Thursday, 29 October 2015

The European disaster on migration

Neither hotspots nor political oppositions. The EU relocation mechanism doesn't work because of lack of operational measures

by Emanuele Bonini

European strategy for migration doesn't work. Practical problems were not taken into account when both EU leaders and the head of State and head of governments had to decide the relocation scheme. Forget quotas, real problems are elsewhere. Of course quotas represent a political issue, but even in case of political decision the EU plan can't work. There are not direct flight to move migrants from a place to another, agreements between Member States and airlines to facilitate boarding procedures for people with no documents are not in place, military flights are too expensive, low-cost carriers are still not involved. Basically hotspots appear as last problems to thing about. This is the situation after months of intensive political debate. Fences are there, while all the rest is missing. Greece is waiting a transfer of migrants from the Hellenic Republic to Luxembourg, but no plane took off with such passengers on board. The reason is because of no direct connection between Greek and Luxembourgish airports, and special agreements have been signed only with Aegean. That means no operators can guarantee on normal flights a reservation of seats for migrants and people who travel with them. Europe was and still is under pressure, and the need of a rapid reaction to the migration flows crisis forced all decision makers to take actions. To do something has been translated in practice as "let's show we do something", and the result is a confusion that perfectly reflects what Europe is about today.

People considering the political resistance as the major problem underestimated the operational problems this migration crisis is posing in Europe. Hasty, superficial, not reasoned at all: this is how the European Union dealt with migration. Of course emergency has required immediate reactions, but everything decided hasn't been considered properly. All the actions has been thought as granted while reality shows decision makers made it too easy.
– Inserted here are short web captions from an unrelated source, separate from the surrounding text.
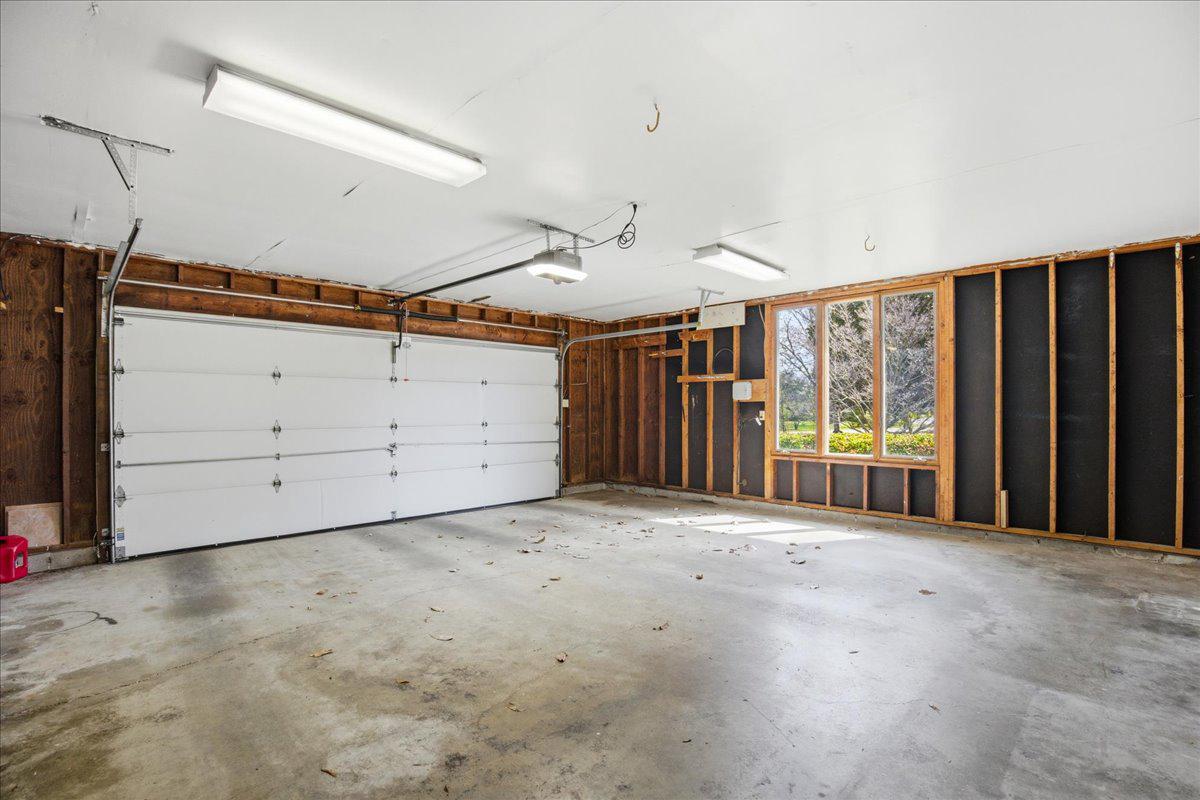 ESPERANZA FARMS - Residential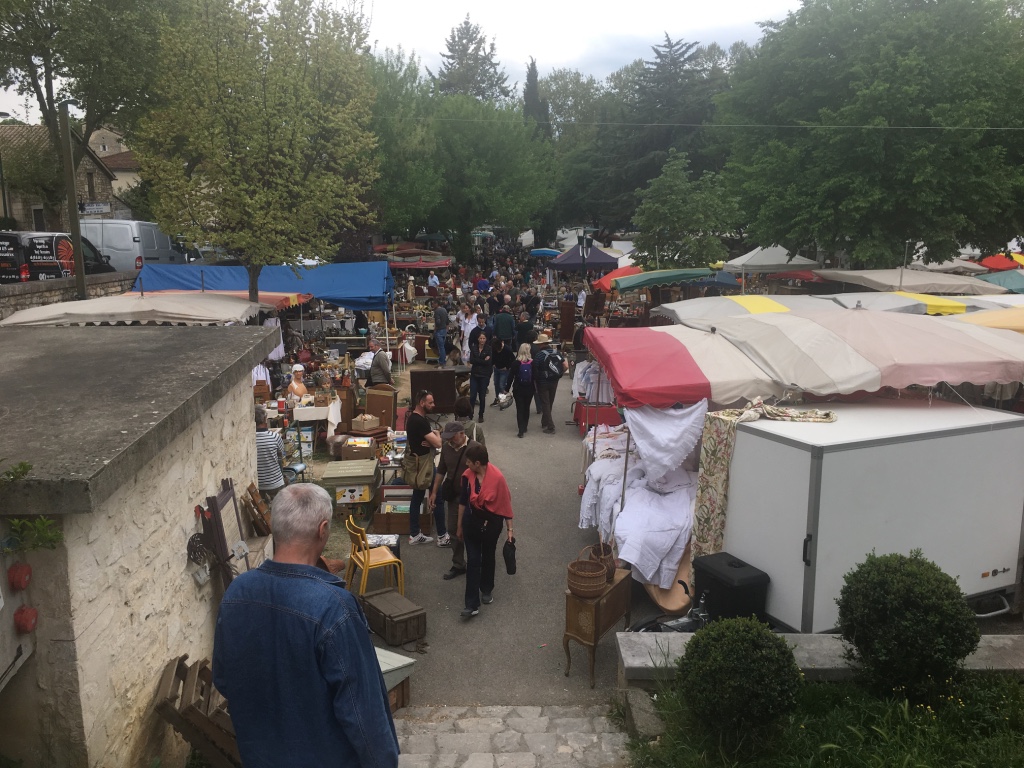 Brocantes en Ardèche méridionale autour du Château d'Uzer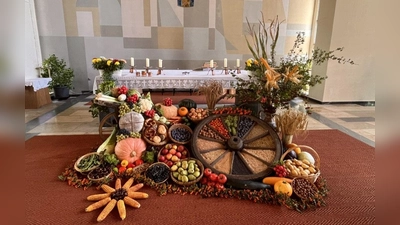 Reichhaltige Gaben aus der Natur: Der Erntedankaltar in der St. Konrad Kirche in Mendorferbuch war auch heuer wieder von den Mitgliedern des Obst- und Gartenbauverein Mendorferbuch für den Erntedankgottesdienst aufgebaut worden.  (Bild: Paul Böhm)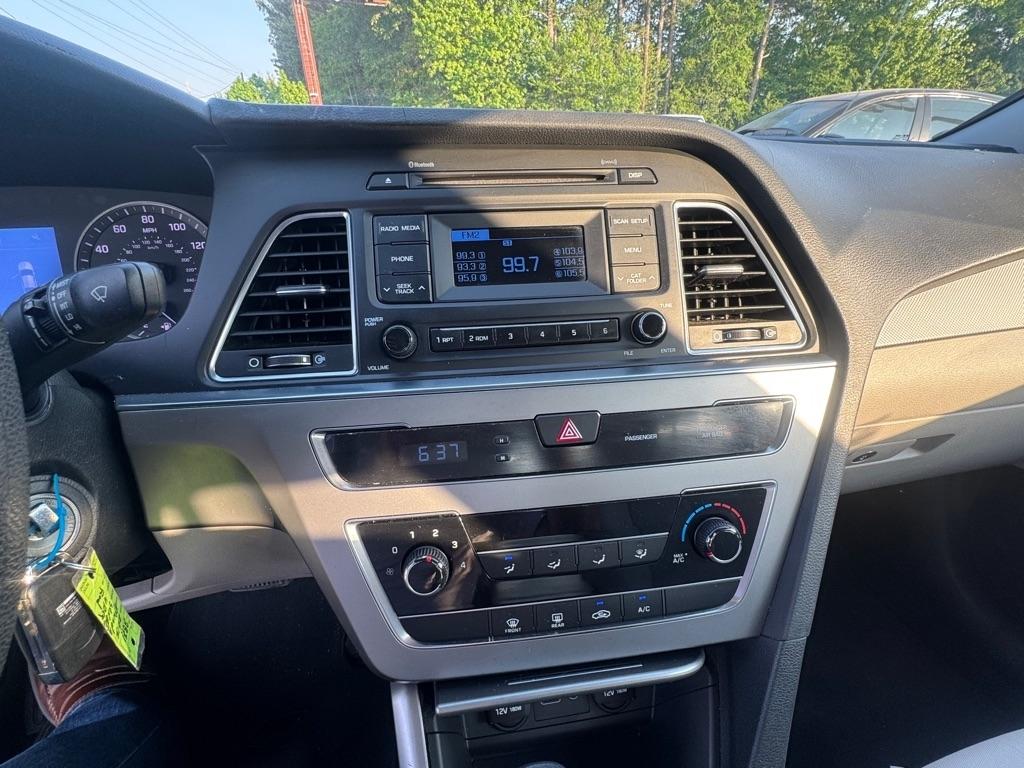 Hyundai Sonata SE 2015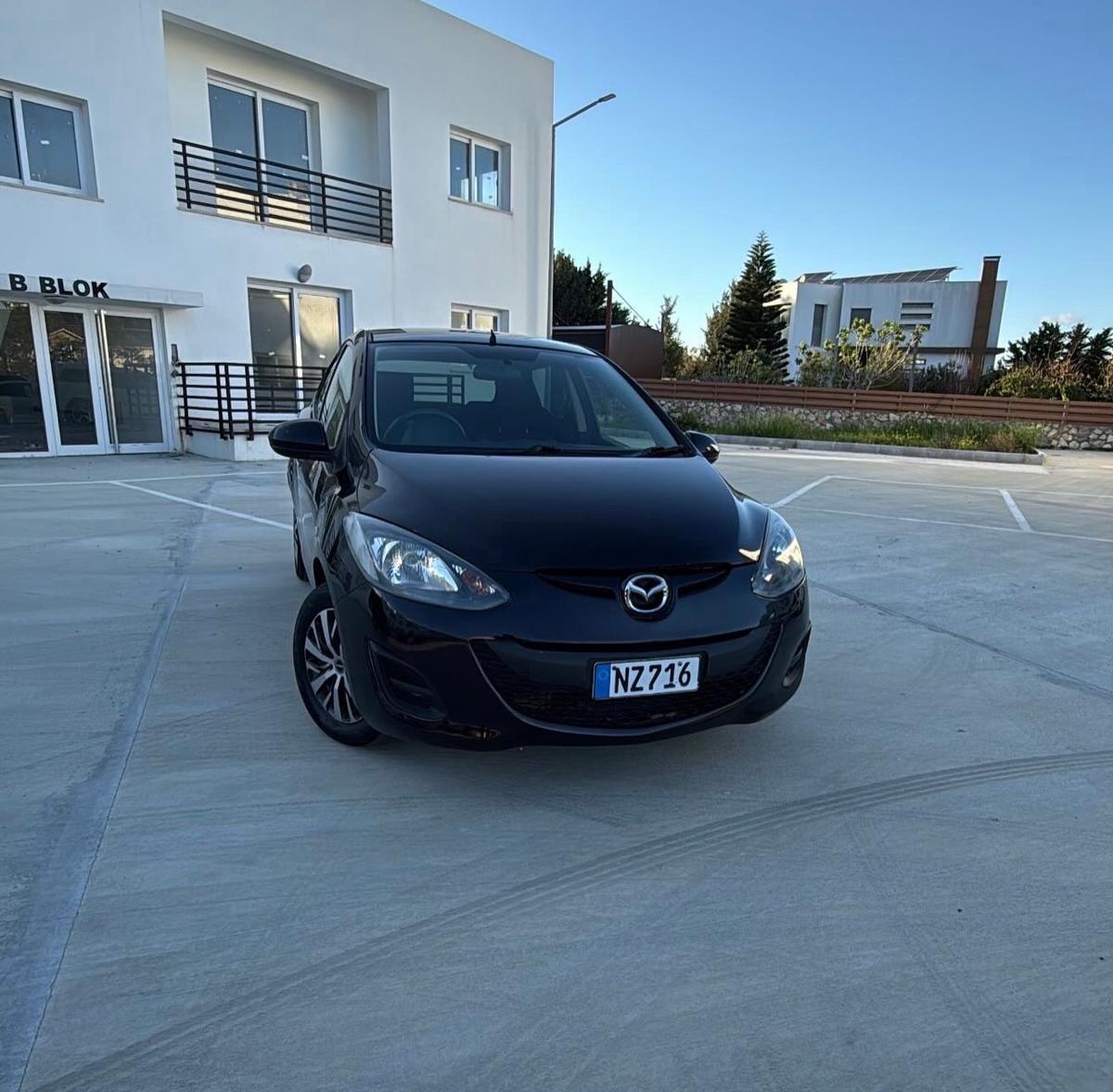2012 Mazda Demio 7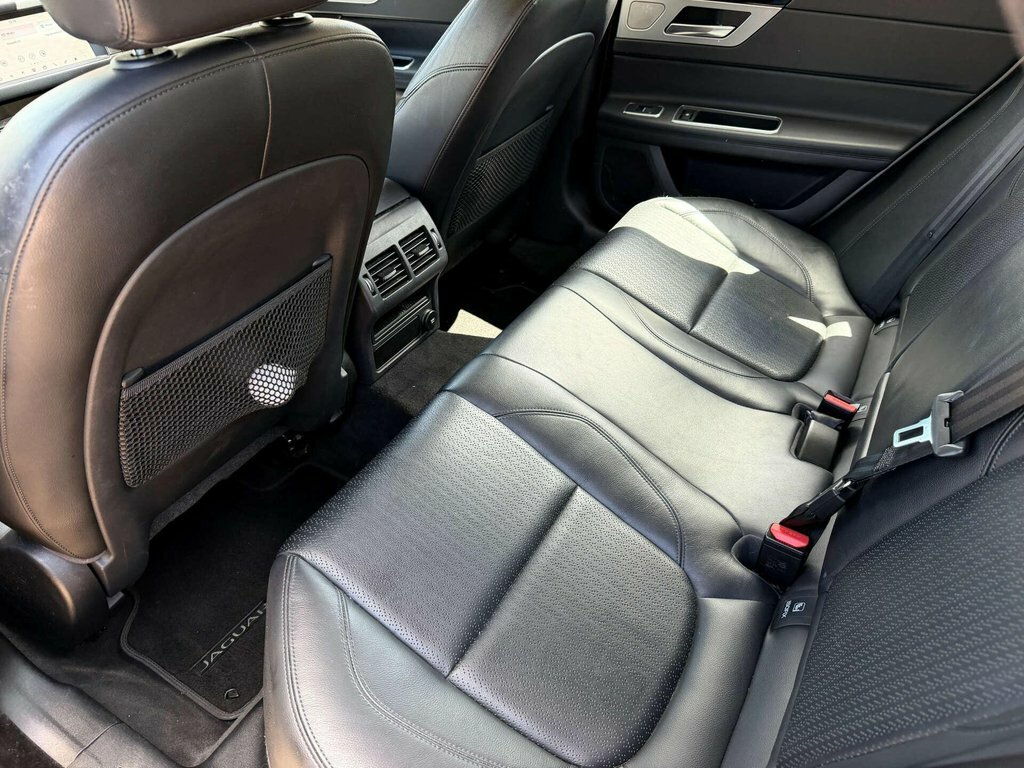 Jaguar XF Grey #34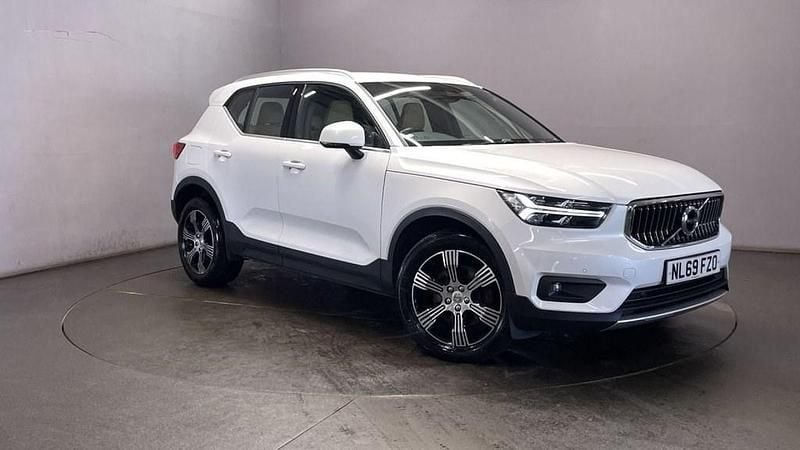White Used 2019 Volvo XC40 Inscription SUV | £18,999 (Good price) - Image 1/4
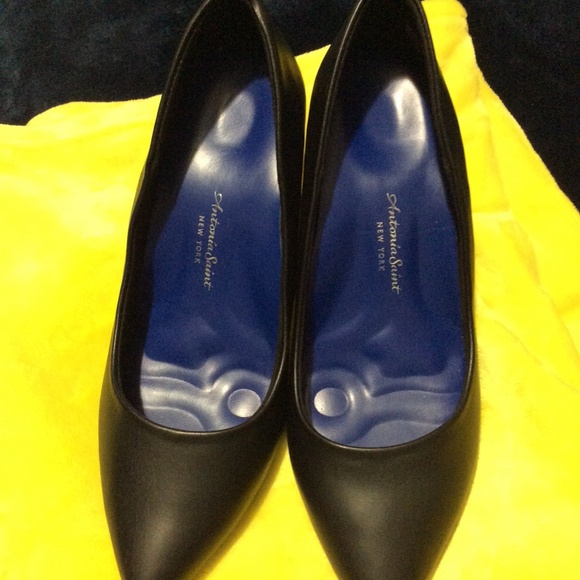 Ladies Shoes - Picture 1 of 2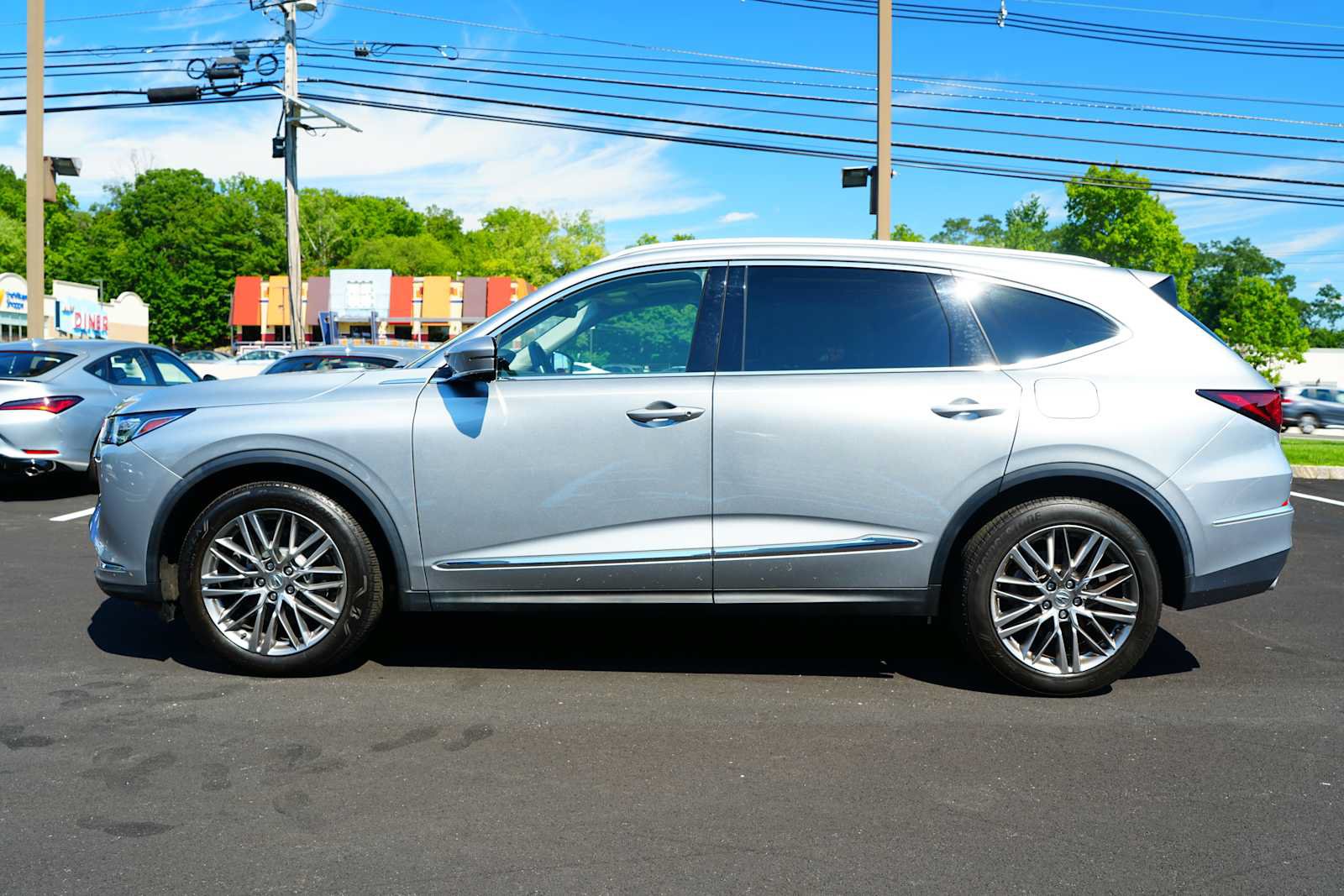 Certified 2024 Acura MDX w/ Advance Package AWD/4WD image 4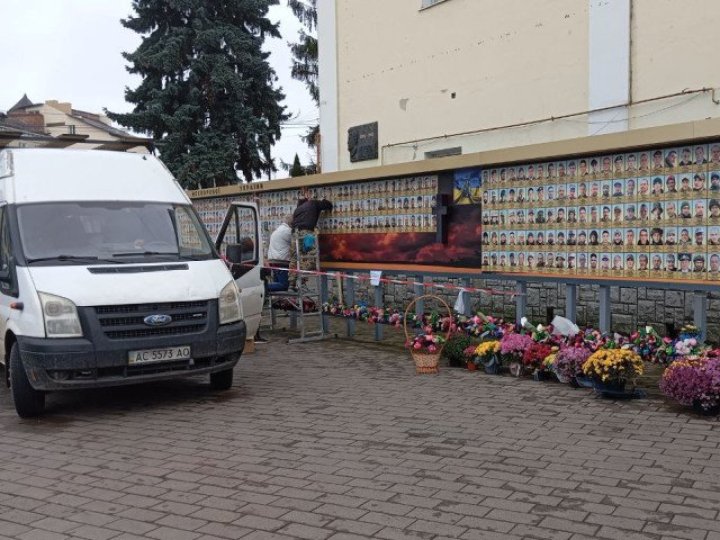 У Луцьку почали розширювати стенд пам’яті Героїв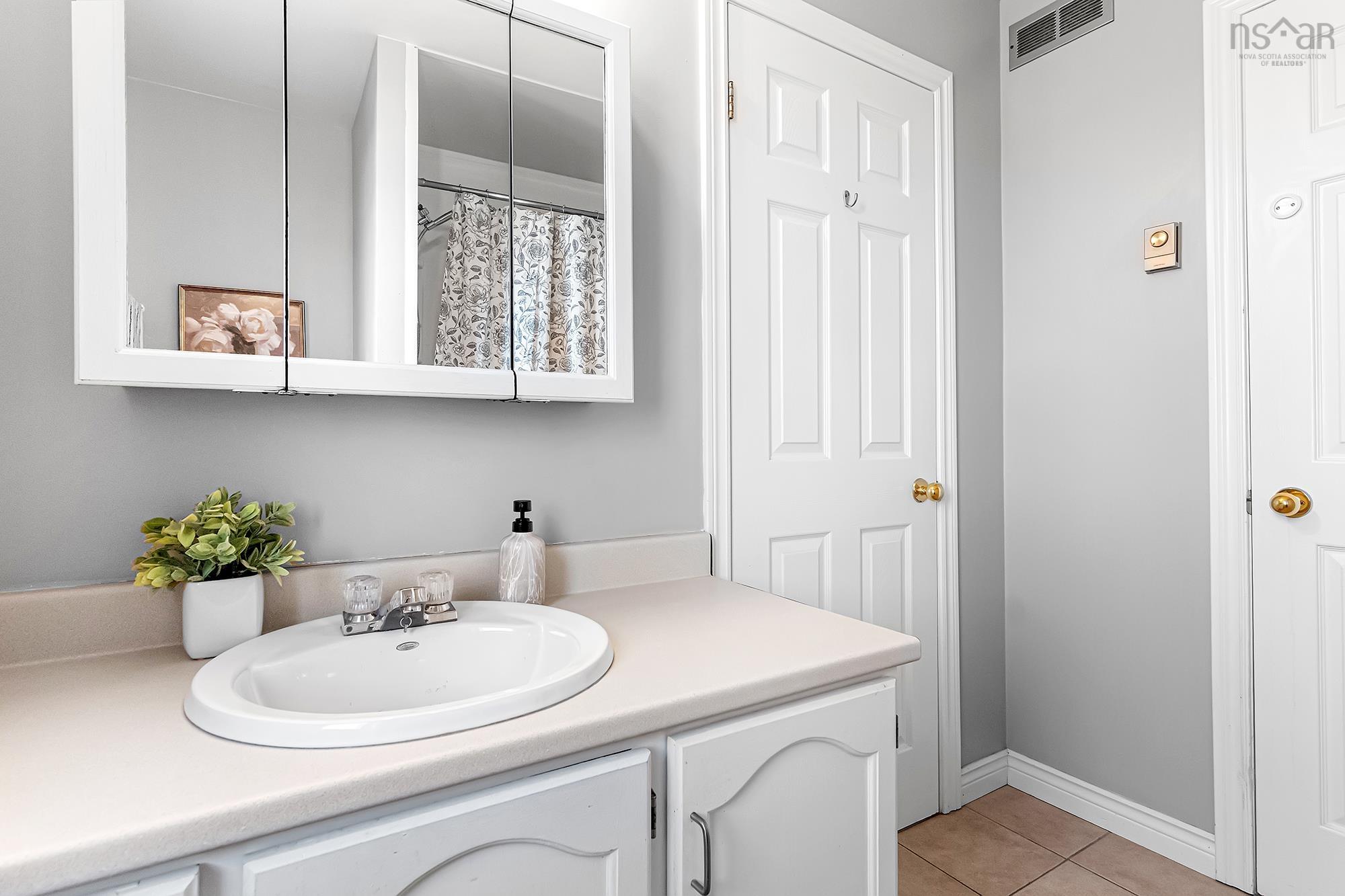 33 Braeside Court, Dartmouth, NS (MLS 202601870)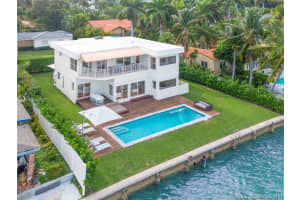 7711 Beach View Dr, North Bay Village, FL 33141, Sold 11/18/19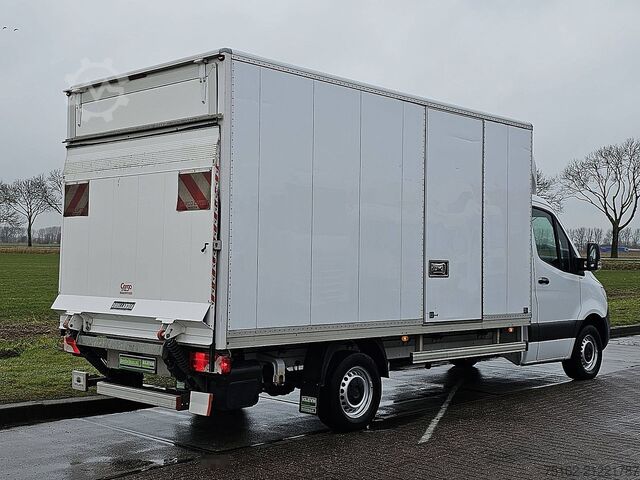 Koffer MERCEDES-BENZ SPRINTER 317 Bakwagen Laadklep!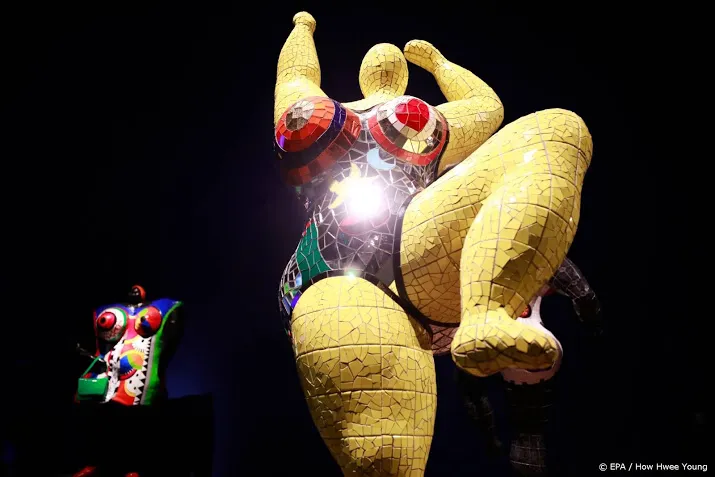 beelden aan zee viert jubileum met niki de saint phalle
So, from Italy departed only 86 migrants, nothing compared to the 1.600 people to be relocated every month in order to fulfil the EU obligations and be in line with the EU relocation scheme. Margaritis Schinas, chief spokesperson of the European Commission, stated that «there is no time for delays as well as there is no time for bureaucracy». According to him «it is time to act, and to act quickly». He's right, the point now is how to go ahead, what to do. Special procedures can be agreed easier among governments rather than between institutions and private companies as airlines are. Brussels, we've had a problem. Apparently great haste made great waste.